Having joined the Communist Party of Canada in 1926, Evans became district organizer for British Columbia of the National Unemployed Workers’ Association, whose hunger marches and demonstrations were a feature of the Depression years on the West Coast. He shortly moved to the same post with the parent body, the Workers’ Unity League, and also helped to organize the breakaway Mine Workers’ Union of Canada in Princeton, B.C. He played a prominent part in the strike that followed – a strike so bitter that Princeton businessmen organized a branch of the Ku Klux Klan to burn a fiery cross of warning to the strikers on a nearby hillside. Evans was arrested under Section 98 of the Criminal Code. In September 1933, he was sentenced to a year in prison and held without bail pending his appeal, which he lost on March 4, 1934. In a vicious ruling, the B.C. appeal court refused to subtract the extra time from his original sentence. Evans, with time off for good behaviour, was released on December 4, 1934, having spent sixteen months behind bars.

While Evans was in jail, his home in Vancouver was seized in a mortgage foreclosure and his family forced onto relief. That in no way dampened his revolutionary ardour. When he was released, he plunged back into organizing. Now three months later, he was in Kamloops, quietly planning tactics for the Relief Camp Workers’ Union.

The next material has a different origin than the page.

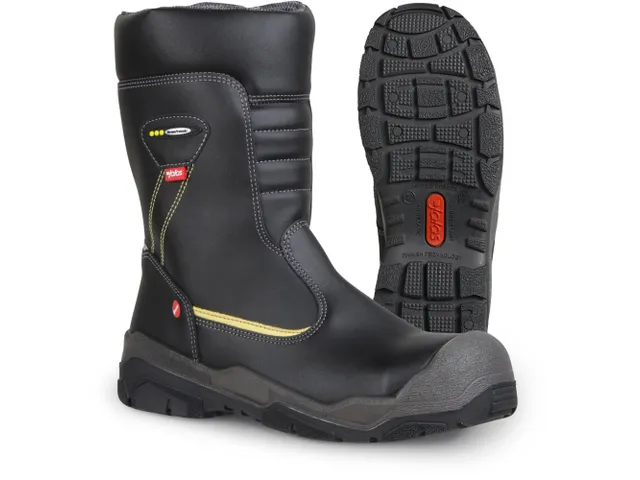 Jalas 1858 Polar hoge S3 veiligheidslaarzen, SRC, ESD, HRO, zwart, maa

Evans outlined his plans. The union would call a walk-out for April 4, three days after payday so the men would have a little money in their pockets. It was not technically a strike. The workers would simply leave camp and go straight to Vancouver. That would require considerable organization. Food would have to be
squirreled away. Clothing must be repaired or replaced. Exit routes and transportation would have to be planned and billets provided in Vancouver – in churches, ethnic halls, and union headquarters. And recalcitrants – or at least some of them – would have to be dragooned into joining the walk-out.

The meeting made its objectives clear. Briefly, the men wanted “work and wages” – Pattullo’s election slogan – fifty cents an hour for unskilled labour, union rates for the rest. They demanded a thirty-hour week, better first-aid equipment in the camps, the end of blacklisting and military control, democratically elected camp committees, the federal franchise, non-contributory unemployment insurance, and the repeal of Section 98 and the vagrancy laws. In the turbulent months that followed, these demands were heard again and again.

There was as yet no hint of any tribunal to look into the camps. McNaughton was still toying with the idea of camps of discipline, and even went so far as to ask whether a Doukhobor detention camp might be available. The General was so far removed from reality that he thought public opinion might be favourable to these draconian measures if the situation worsened. In fact, the public was solidly behind the camp workers, as were Vancouver’s two afternoon papers. Had the leaders been placed in isolation behind barbed wire without benefit of a trial, a most unholy row would have ensued.

Duff Pattullo was frustrated to the point of fury. For almost four months he had been vainly warning Ottawa that the men would riot if their needs were not met. Pattullo was, of course, a lifelong Liberal nagging a Tory government, but he was more than that – a disciple of Roosevelt attempting to give his province what came to be called a “little New Deal.” One of the several populist leaders who emerged during the Depression, he believed that “no person in British Columbia should be allowed to want for food, clothing and shelter through inability to obtain employment.”

Pattullo was an Ontario Grit turned B.C. booster by way of the northern frontier. In his youth he had been an editor of the Galt
Reformer
. He had gone to the Yukon in 1898 during the gold rush as part of a government delegation. He stayed on as gold commissioner and then moved to British Columbia, where he served as mayor of Prince Rupert before entering provincial politics. At
sixty-two he was big and beefy, with pink jowls, blue eyes, and silver hair. The frontier had given him a boldness, even a recklessness, that the voters of British Columbia found refreshing after the caution of the Tolmie regime. “Work and wages” had touched a chord, and that was what he was now demanding from Ottawa.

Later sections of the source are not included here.